The listing below contains a span that opens with the line containing "Collage photo personnalisé (Recto)" and closes with the line containing "क्या लखनऊ की". Return that span exactly.

##### DATA #####

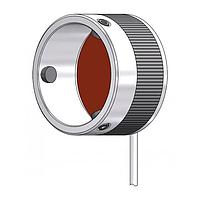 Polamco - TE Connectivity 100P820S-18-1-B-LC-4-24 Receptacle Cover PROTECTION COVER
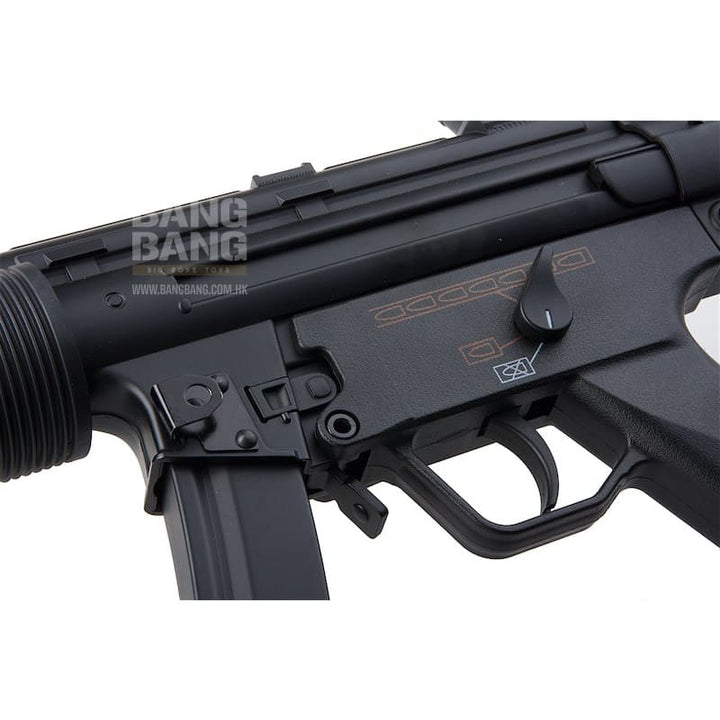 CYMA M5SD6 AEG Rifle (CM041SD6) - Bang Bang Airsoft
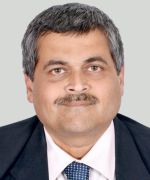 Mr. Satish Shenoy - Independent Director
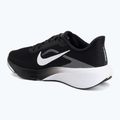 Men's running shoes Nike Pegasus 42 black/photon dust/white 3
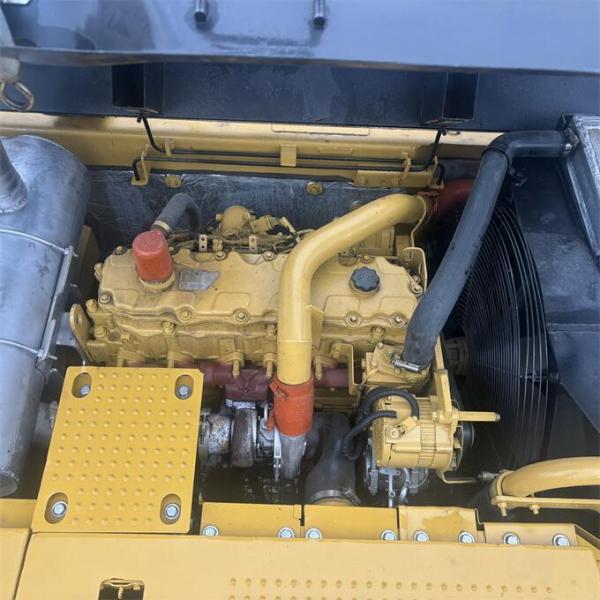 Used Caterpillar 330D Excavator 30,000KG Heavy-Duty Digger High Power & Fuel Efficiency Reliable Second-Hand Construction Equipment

#####
##### DATA #####

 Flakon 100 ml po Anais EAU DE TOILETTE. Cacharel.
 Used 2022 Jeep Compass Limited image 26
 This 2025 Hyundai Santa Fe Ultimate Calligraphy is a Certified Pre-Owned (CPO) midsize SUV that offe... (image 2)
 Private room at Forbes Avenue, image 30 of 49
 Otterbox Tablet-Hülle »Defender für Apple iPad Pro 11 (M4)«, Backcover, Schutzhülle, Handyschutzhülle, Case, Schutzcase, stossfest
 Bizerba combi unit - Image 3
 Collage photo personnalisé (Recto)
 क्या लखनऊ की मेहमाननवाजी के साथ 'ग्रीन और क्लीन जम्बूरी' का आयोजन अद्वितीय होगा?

#####

**WRITTEN ANSWER:**
 Collage photo personnalisé (Recto)
 क्या लखनऊ की मेहमाननवाजी के साथ 'ग्रीन और क्लीन जम्बूरी' का आयोजन अद्वितीय होगा?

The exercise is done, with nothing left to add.